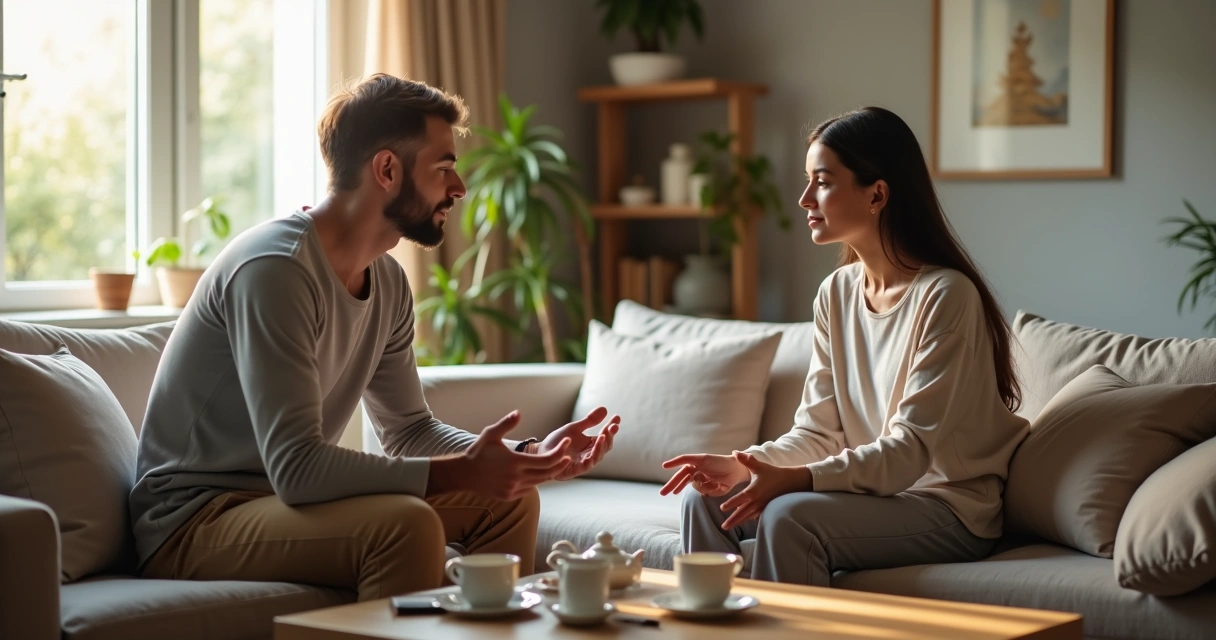 Pareja sentada conversando con calma en un sofá iluminado por luz natural 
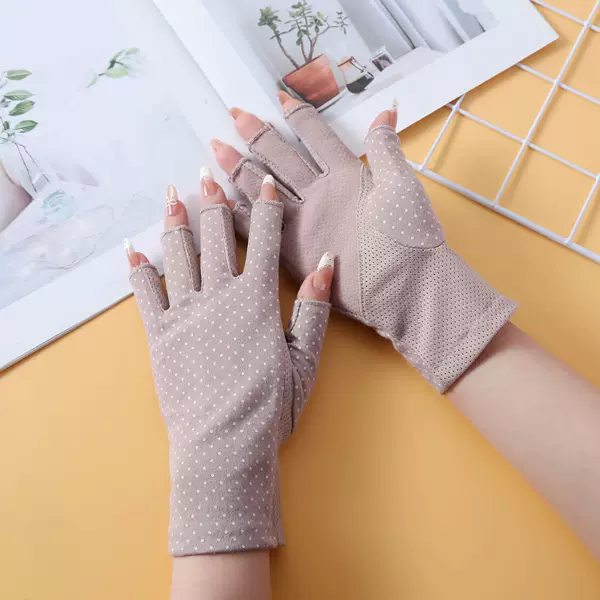 Summer Thin Sun Protection Gloves for Men and Women Driving Uv Protection Polka Dot Anti-Slip Half-Finger Cotton Gloves Cross-Border Foreign Trade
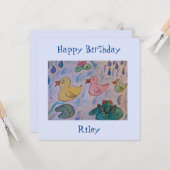 レインドロップオンダクリングスフラット誕生日カード カード (正面/裏面インサイチュ)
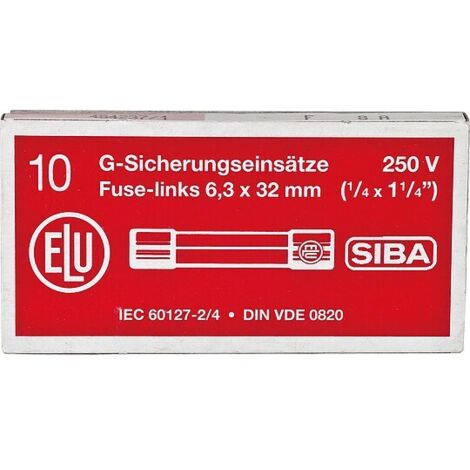 Feinsicherung flink Glasrohr 1 A (6,3x32 mm) - 10 Stück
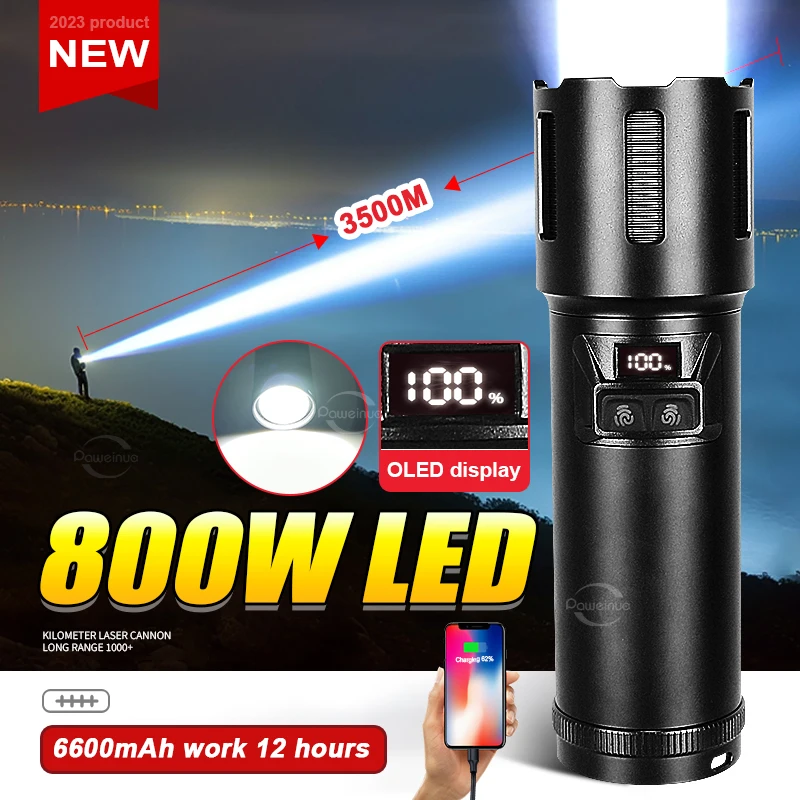 2023 Long Range Flashlight Usb Rechargeable Led Flashlight White Laser 6600mAH Powerful Led Torch Outdoor Zoom Tactical Lantern
2023 Long Range Flashlight Usb Rechargeable Led Flashlight White Laser 6600mAH Powerful Led Torch Outdoor Zoom Tactical Lantern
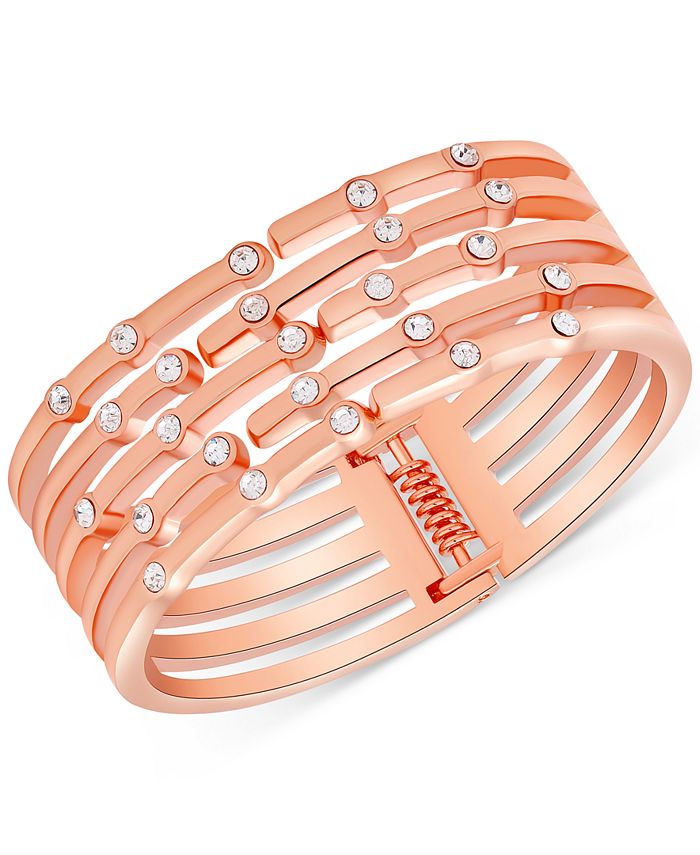GUESS Rose Gold-Tone Crystal Hinged Cuff Bracelet - Macy's
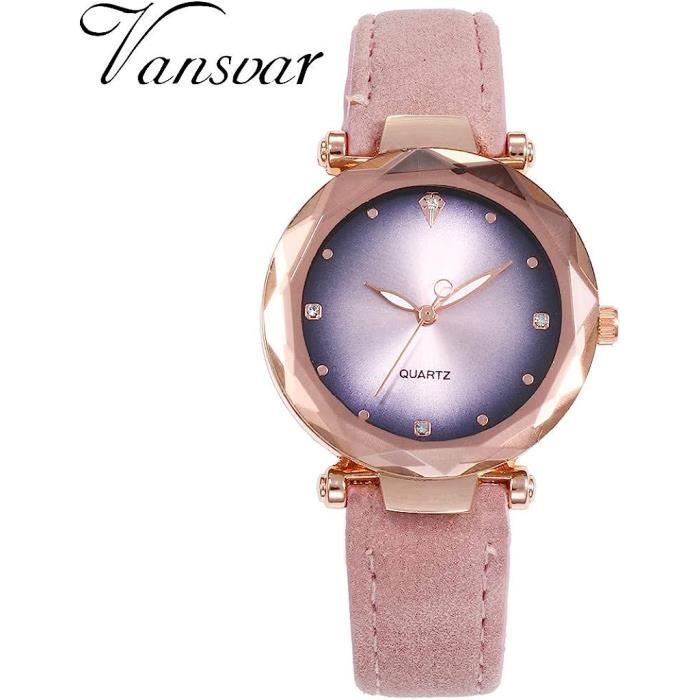 Montre femme bracelet cuir pas 2025 cher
□ □ □
### WHAT THE TASK ASKS
Repeat each entry above word for word, leaving every picture out.

### FINAL ANSWER
 Pareja sentada conversando con calma en un sofá iluminado por luz natural 
 Summer Thin Sun Protection Gloves for Men and Women Driving Uv Protection Polka Dot Anti-Slip Half-Finger Cotton Gloves Cross-Border Foreign Trade
 レインドロップオンダクリングスフラット誕生日カード カード (正面/裏面インサイチュ)
 Feinsicherung flink Glasrohr 1 A (6,3x32 mm) - 10 Stück
 2023 Long Range Flashlight Usb Rechargeable Led Flashlight White Laser 6600mAH Powerful Led Torch Outdoor Zoom Tactical Lantern
2023 Long Range Flashlight Usb Rechargeable Led Flashlight White Laser 6600mAH Powerful Led Torch Outdoor Zoom Tactical Lantern
GUESS Rose Gold-Tone Crystal Hinged Cuff Bracelet - Macy's
 Montre femme bracelet cuir pas 2025 cher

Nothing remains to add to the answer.